Desabafo
Desabafo
Deveria ser uma manhã como outra qualquer, numa quinta-feira onde até o presente momento imperava o silêncio mais que absoluto por parte daqueles que se fazem “donos da citricultura” brasileira, a maior do mundo. A tensão aumentava e era percebida em todos os cantos, em todos os gestos, no improviso dos movimentos de quem estava ali, como eu, sentado em uma cadeira, olhando atentamente o que ocorria naquele palco à nossa frente.
Lohbauer entra em cena, tentando esboçar perplexidade, alguma surpresa, mas nenhuma forma de consolo. Abre-se a palestra e já nos seus primeiros instantes sinto um frio na barriga, um arrepio na espinha, sinto meu semblante esmaecendo. Por exatos 30 minutos me senti como o Chapeuzinho Vermelho assistindo ao lobo travestido se dizendo inocente e inofensivo.
Confesso que me fez sentir pena por alguns instantes, mas algo ainda me perturbava. O cheiro que sentia quando Lobaher descrevia detalhes de uma desgraça sem culpados era o mesmo que alguns anos atrás senti quando presenciei uma onça atacando uma vaca, a qual não esboçou qualquer tipo de reação diante do seu futuro extremamente previsível e nefasto.
A cada instante sentia que estava inadvertidamente sendo atraído para as entranhas do Lobo, tal como a Vovozinha da chapeuzinho vermelho, se preparando para saborear o prato principal: O produtor.
Calei-me diante do que vi. Fiquei completamente estarrecido, sem palavras, sem ânimo para dizer algo além de “Meu Deus”.

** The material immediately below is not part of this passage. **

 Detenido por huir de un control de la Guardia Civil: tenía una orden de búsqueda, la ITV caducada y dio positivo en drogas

Minutos antes, ainda na palestra da Dra Margarete Boteon, o cheiro de sangue já estava bastante intenso e deu-nos uma certa previsibilidade para o que estava por vir. Era o sinal da sentinela tentando avisar sobre o ataque iminente.
Sua palestra terminou e ouvi de diversos que estavam ao meu redor a seguinte indagação: “Mas, qual é a conclusão? Qual a previsão para esta safra? Não está faltando algo?”. Neste exato momento já havia percebido que “o gato havia subido no telhado”, como naquela velha piada sobre como noticiar a morte do bichano. Após alguns instantes, quando então consegui recobrar meus sentidos, disse em bom tom aos que estavam ao meu redor: ”Gente, o que ela poderia ter colocado como conclusão depois de tudo que ela apresentou? Existe uma palavra para resumir o que ela deveria colocar, mas acho que não ficaria muito boa para uma apresentação: “F...””.

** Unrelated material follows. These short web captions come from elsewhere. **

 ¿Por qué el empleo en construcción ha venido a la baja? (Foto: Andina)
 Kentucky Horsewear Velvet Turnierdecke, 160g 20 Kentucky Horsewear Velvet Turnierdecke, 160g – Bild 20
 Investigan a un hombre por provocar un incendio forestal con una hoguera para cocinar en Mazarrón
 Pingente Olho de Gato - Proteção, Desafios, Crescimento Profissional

Os que ouviram riram da própria desgraça e da colossal dose de realidade que estava embutida em todo o seu conceito nesta palavra chula.
A dor foi aumentando conforme o desenho do cenário foi aos poucos sendo completado por detalhes cada vez mais sórdidos. Vi na expressão de alguns algo semelhante a uma morte antecipada, um tiro de misericórdia. Pouco depois um último suspiro e a paz que ecoa após o enterro das esperanças.
Procurei então me apoiar na realidade a minha volta, na minha agenda de trabalho para que pudesse enfim atenuar o que sentia. Machucado e sangrando por todos os poros de meu corpo, senti que minhas previsões sobre o futuro da citricultura postado recentemente estavam se concretizando lentamente: o plantio em larga escala de pomares pela indústria, o arrendamento e contratação a longo prazo de pomares e o golpe final: uma crise sem precedentes com poder de empurrar produtores para fora do setor e tornar a verticalização definitiva por parte das indústrias uma questão até de sobrevivência no setor. Um final melancólico de um modelo de citricultura para muitos. Que Deus nos proteja.